The play is usually reserved for when a team is behind and needs the ball back quickly to try to score again.
Last week, however, the Roughriders called for the play a little earlier than it’s traditionally done – with a little more than five minutes left against the Eskimos.
Perhaps they wouldn’t have called for it at all, if it weren’t for the faith they had in kicker Tyler Crapigna.
“You can have all sorts of fancy schemes and ways to outnumber teams, but if you don’t have a kicker who is skilled in doing that touch kick, you’re kind of in trouble,” explained special teams coordinator Craig Dickenson.
So if the first step to a successful onside kick is having a kicker that can do one, the Riders have checked that box.
The next thing is to make sure the kicker hits it the right distance and at the right angle. CFL rules require the ball to travel 10 yards before the kicking team can receive the ball.
“I figure you’re aiming for about the 13 to 15 yard line,” Crapigna said after a day where it had been practiced several times.
Crapigna said he lines up like he does to kick a field goal, but then uses less power. He also aims to put some height on it.
“Most of these guys are pretty fast in this league, so it doesn’t really matter if you have too much height, but the more height the better to evade blocks and get down field,” he said.
The next thing to consider is all the people who can get their hands on the ball. They’re literally called the hands team. As long as the ball travels 10 yards, every player on the kicking and receiving team can try to nab it.
“You need certain guys that are kind of your pluggers, guys that can go in and cause disruption and then you need some guys that can go up and catch the ball,” Dickenson said.

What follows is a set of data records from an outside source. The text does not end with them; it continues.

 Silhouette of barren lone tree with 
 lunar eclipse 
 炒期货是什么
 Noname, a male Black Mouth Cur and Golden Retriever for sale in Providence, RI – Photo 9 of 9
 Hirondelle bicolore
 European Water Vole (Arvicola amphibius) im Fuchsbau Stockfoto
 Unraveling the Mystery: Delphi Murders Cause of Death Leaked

With all of the hands team on the field, the kicking team could end up with the football in two ways: either one of their players catch the ball or one of their players was the last to handle the ball before it goes out. Last Friday, that’s where Jordan Reaves, the 6’4″ Canadian defensive back and former university basketball player, came in. His history in basketball might have made him the the most perfectly suited player to bat a ball out of bounds. Something he did while nursing a shoulder injury.

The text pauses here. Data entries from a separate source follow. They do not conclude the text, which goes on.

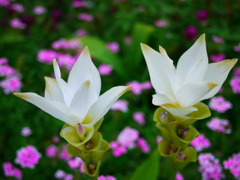 クルクマ(white)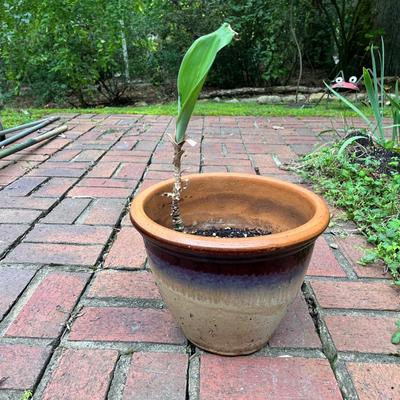 Five Glazed Plant Pots (FY-MG)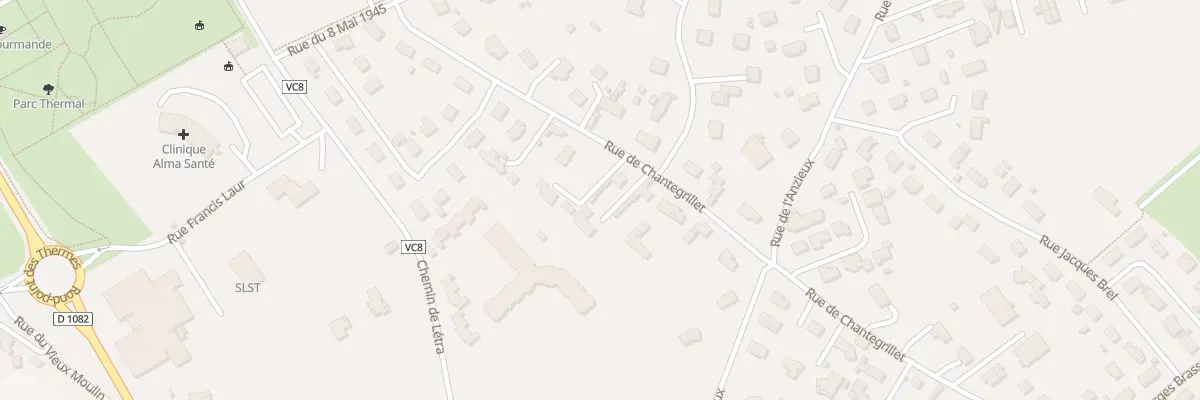 Plan du 250 Rue de Chantegrillet à Montrond-les-Bains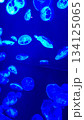青く光るクラゲ 134125065
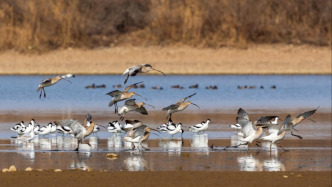 两会专访｜宁夏政协主席陈雍：从“归来”的故事看宁夏生态之变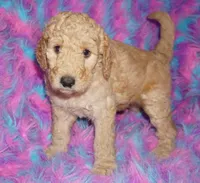 processed/4434b3f3-4a36-4f2e-903b-aea44c2f2ae7/listing/f45448f8-2406-414d-b335-1ecc92e77740/5d8b3964-979b-4204-b5bc-ad30b48242de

“He did a nice job of going up and getting it, he actually wanted to go up with two hands, he couldn’t get that second hand up so ended up just tapping it out of bounds,” Dickenson said.
And while it’s true that anything can happen in the moments after an onside kick is set in motion, it doesn’t mean that Dickenson is just holding his breath and hoping for the best. The coaches will only call it when they’re pretty sure they’ll be successful.
“The main thing is we want to execute the play the way we practiced it and if we do that then our chances are pretty high to get it. We won’t call it if we don’t feel like we have 75-80 per cent chance of pulling it off.”
A lot of that comes back to faith in the kicker, which suits Crapigna just fine.
“That’s kind of my job title, being that guy in the clutch situations, to get that field goal when we need it or get that onside kick when we need it,” he said.
Dan Clark missed practice again on Thursday after leaving midway through practice on Wednesday. Head coach Chris Jones is trying out a few options at centre ahead of Saturday’s game.
The Roughrider offensive line has allowed just one sack in two games, Jones credits both Darian Durant’s reads and execution by the offence for the success, but he expects B.C. to be a bit more of a challenge. “B.C.’s got a great front … so we’ll have our hands full I’m sure.”
The Roughriders will do their walk through at 10:15 a.m. Friday. Game time is at 5 p.m. on Saturday.